With the Florida Board of Governors considering raising tuition on state universities, U.S. Sen. Rick Scott, R-Fla., stressed his opposition to the idea, portraying it as a tax increase.
At the end of last week, the Orlando Sentinel reported that tuition could be increasing as schools across the Sunshine State continue to face lower revenue levels during the coronavirus pandemic.
New Senate President Wilton Simpson, R-Spring Hill, said he was open to backing the first tuition increase since 2013 as the state grapples with trying to make up $2.7 billion.
“We want to make sure that we maintain a very high level of higher education, but at the same time we have kids that are in and out of foster care because we don’t have resources to be able to manage that system,” Simpson told the Orlando Sentinel. “So when you start putting priorities together, I’m going to have a higher priority to make sure we’re taking care of those most vulnerable children, and we haven’t raised tuition in this state in 10 years.”
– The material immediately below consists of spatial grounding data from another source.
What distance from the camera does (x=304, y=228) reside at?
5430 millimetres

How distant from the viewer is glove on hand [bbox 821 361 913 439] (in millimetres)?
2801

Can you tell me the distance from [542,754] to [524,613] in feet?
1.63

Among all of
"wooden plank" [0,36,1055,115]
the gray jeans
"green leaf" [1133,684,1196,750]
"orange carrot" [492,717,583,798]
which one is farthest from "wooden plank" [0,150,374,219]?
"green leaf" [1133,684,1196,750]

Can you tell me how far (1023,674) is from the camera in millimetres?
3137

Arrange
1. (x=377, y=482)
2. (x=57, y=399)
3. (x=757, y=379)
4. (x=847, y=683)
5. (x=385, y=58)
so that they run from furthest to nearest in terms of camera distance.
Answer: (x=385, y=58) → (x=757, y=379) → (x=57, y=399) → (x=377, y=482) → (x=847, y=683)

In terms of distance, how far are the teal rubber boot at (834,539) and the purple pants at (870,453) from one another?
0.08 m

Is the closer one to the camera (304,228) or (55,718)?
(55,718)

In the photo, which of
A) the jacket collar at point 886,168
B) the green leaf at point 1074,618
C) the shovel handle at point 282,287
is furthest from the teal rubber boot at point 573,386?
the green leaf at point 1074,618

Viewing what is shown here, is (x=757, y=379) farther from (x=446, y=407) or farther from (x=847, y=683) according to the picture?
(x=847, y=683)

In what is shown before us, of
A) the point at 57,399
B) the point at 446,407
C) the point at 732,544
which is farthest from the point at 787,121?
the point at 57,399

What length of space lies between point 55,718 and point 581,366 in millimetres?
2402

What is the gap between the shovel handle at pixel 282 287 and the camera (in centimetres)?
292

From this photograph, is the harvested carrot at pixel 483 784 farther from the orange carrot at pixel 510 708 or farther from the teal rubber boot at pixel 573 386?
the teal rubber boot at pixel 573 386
But Scott, the new chairman of the National Republican Senate Committee (NRSC) and a possible presidential candidate in 2024, came out swinging on Monday, showcasing his record as governor.
“As governor, Senator Scott fought to hold the line on tuition by vetoing tuition increases, eliminating automatic inflationary tuition increases, freezing tuition, greatly limiting tuition differential, and appointing leaders who share his goal of providing an affordable higher education to Florida students and families. He also worked to pass several constitutional amendments that make it harder to raise taxes and fees, including requiring 2/3rds of the legislature to vote on a tax or fee increase for it to become law, and requiring a supermajority vote of the State Board of Governors to impose, raise or authorize university fees. As senator, he is working to keep higher education affordable and make sure students are prepared to get good-paying jobs,” Scott’s office insisted.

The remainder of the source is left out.